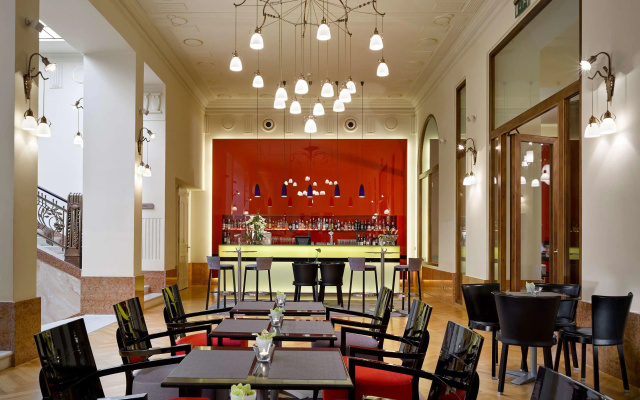 K+K  Central Prague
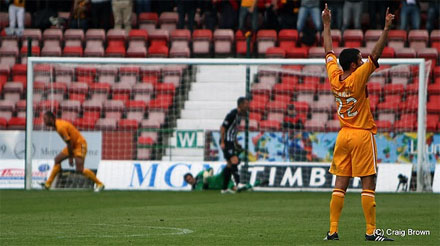 Motherwell&#039;s Michael Higdon makes it 4-2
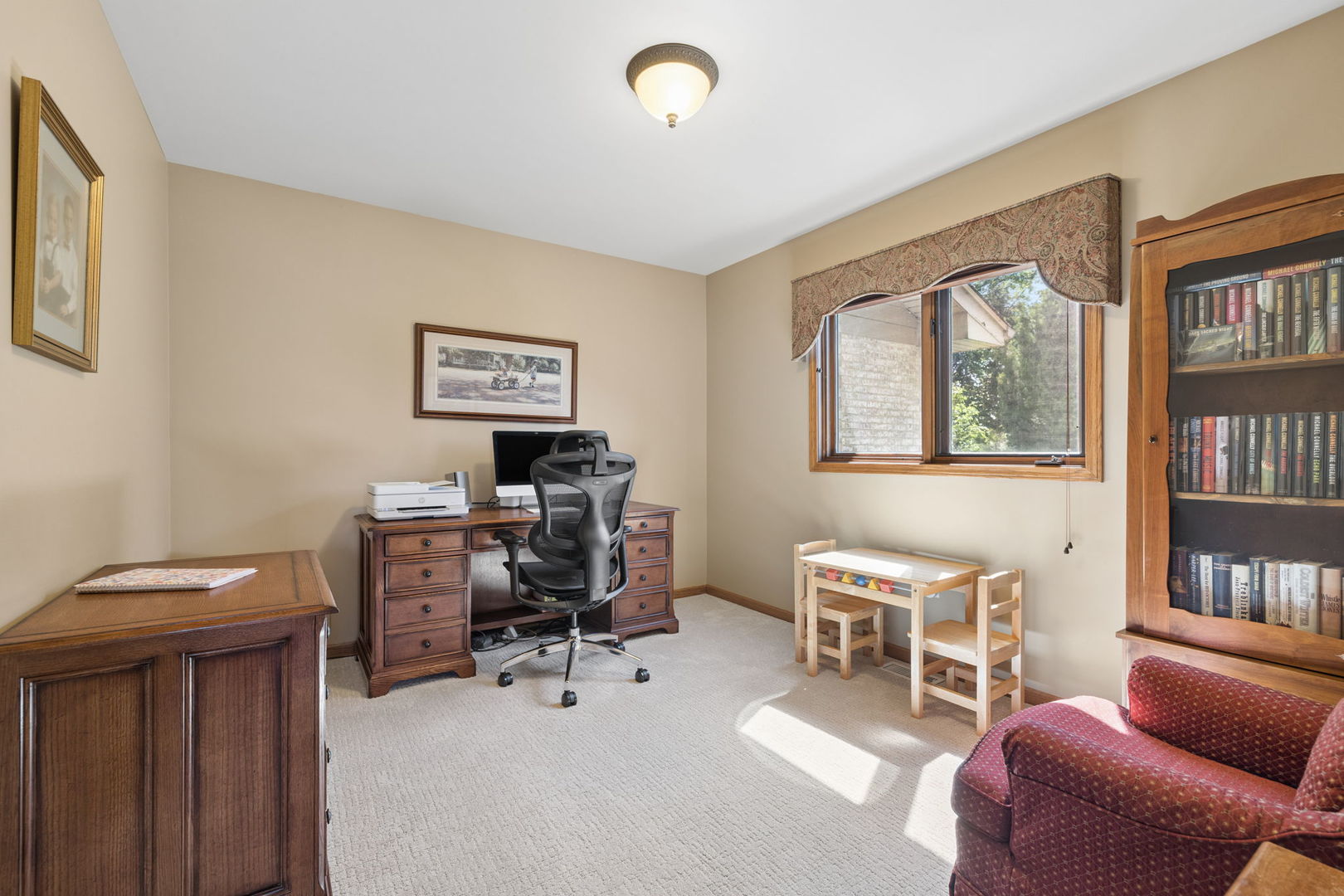 8130 Edgebrook Lane Property Photo 15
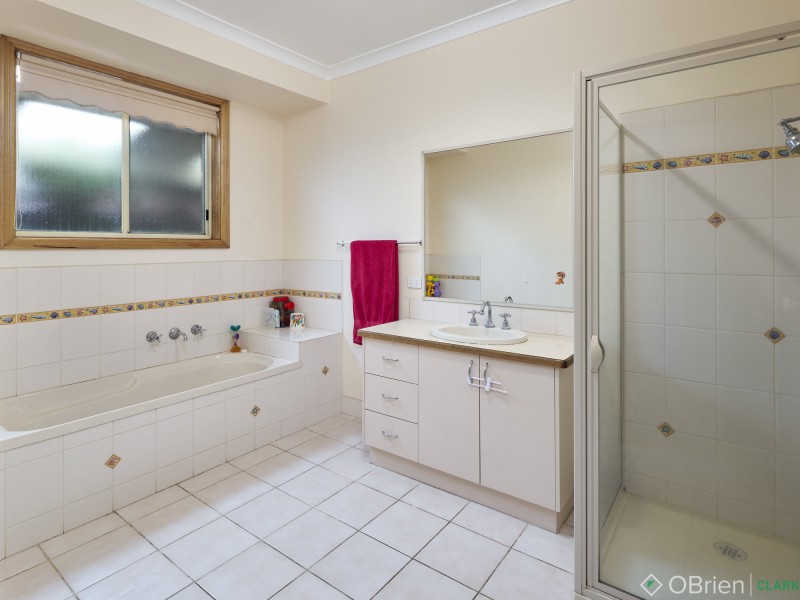 20 Outlook Drive, Drouin VIC 3818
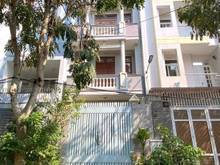 Hình ảnh Cho thuê nhà trong KDC Bình lợi full nội thất. dt 5x20m 1 trệt 3 lầu.
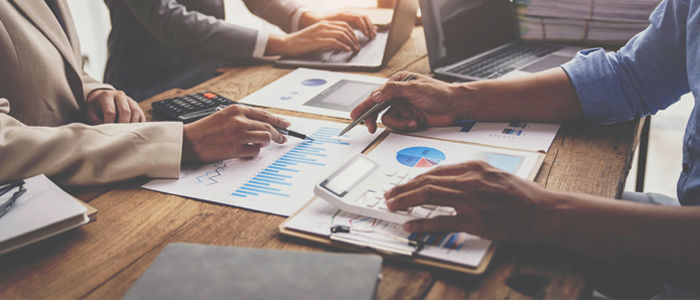 Compromiso, Responsabilidad y Mejora.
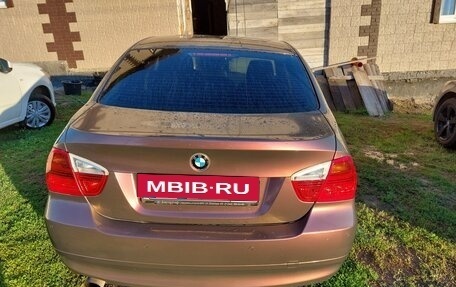 BMW 3 серия, 2007 год, 1 050 000 рублей, 12 фотография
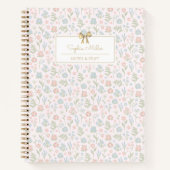弓かわいらしモノグラム付き緑ピンク花柄 ノートブック (正面)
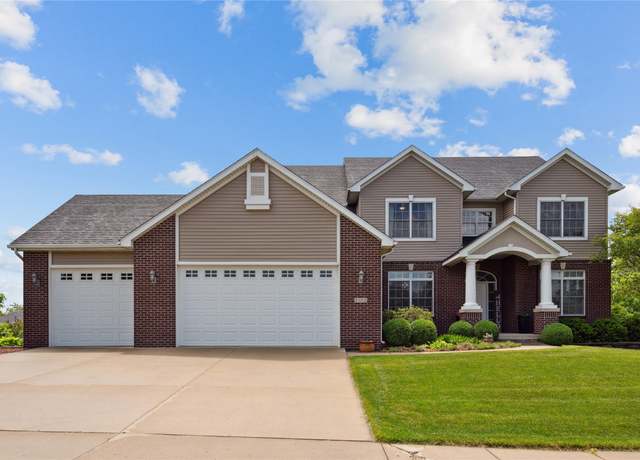 Property at 3322 Harrison Rd, Ames, IA 50010, 7 beds, 4.5 baths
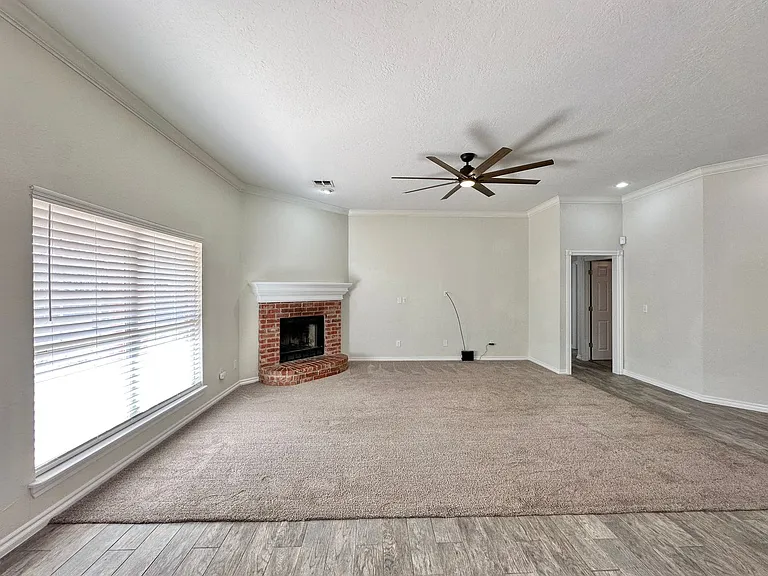 27 NW Havenshire Cir — Photo 23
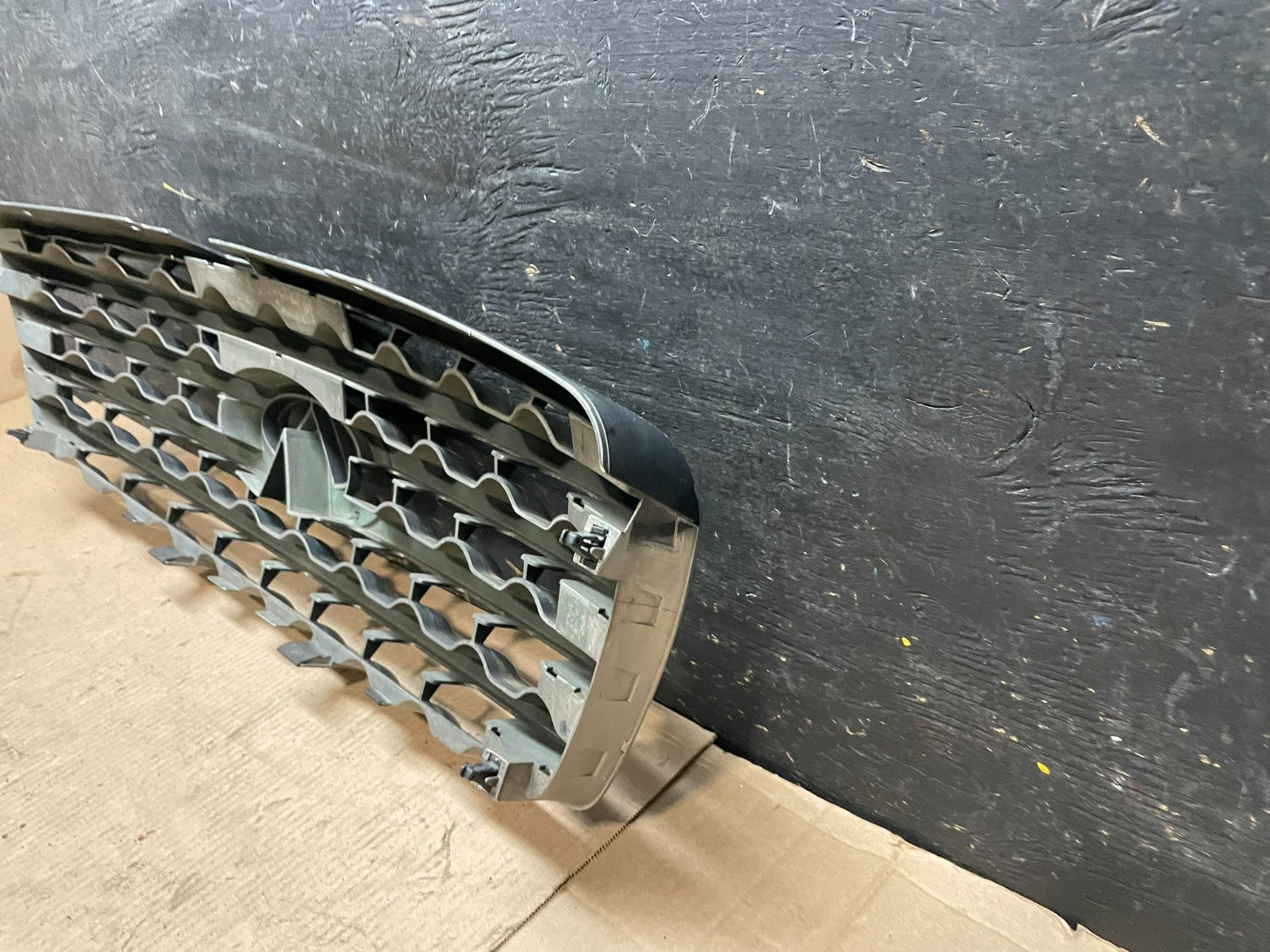 2003 2004 2005 Infiniti FX35 Grill Grille W/ Emblem T0456 DG5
----------------
EXERCISE DETAILS:
Your response should reproduce the entire listing verbatim, minus the pictures.

SOLUTION TO THIS PROBLEM:
 K+K  Central Prague
 Motherwell&#039;s Michael Higdon makes it 4-2
 8130 Edgebrook Lane Property Photo 15
 20 Outlook Drive, Drouin VIC 3818
 Hình ảnh Cho thuê nhà trong KDC Bình lợi full nội thất. dt 5x20m 1 trệt 3 lầu.
 Compromiso, Responsabilidad y Mejora.
 BMW 3 серия, 2007 год, 1 050 000 рублей, 12 фотография
弓かわいらしモノグラム付き緑ピンク花柄 ノートブック (正面)
 Property at 3322 Harrison Rd, Ames, IA 50010, 7 beds, 4.5 baths
 27 NW Havenshire Cir — Photo 23
 2003 2004 2005 Infiniti FX35 Grill Grille W/ Emblem T0456 DG5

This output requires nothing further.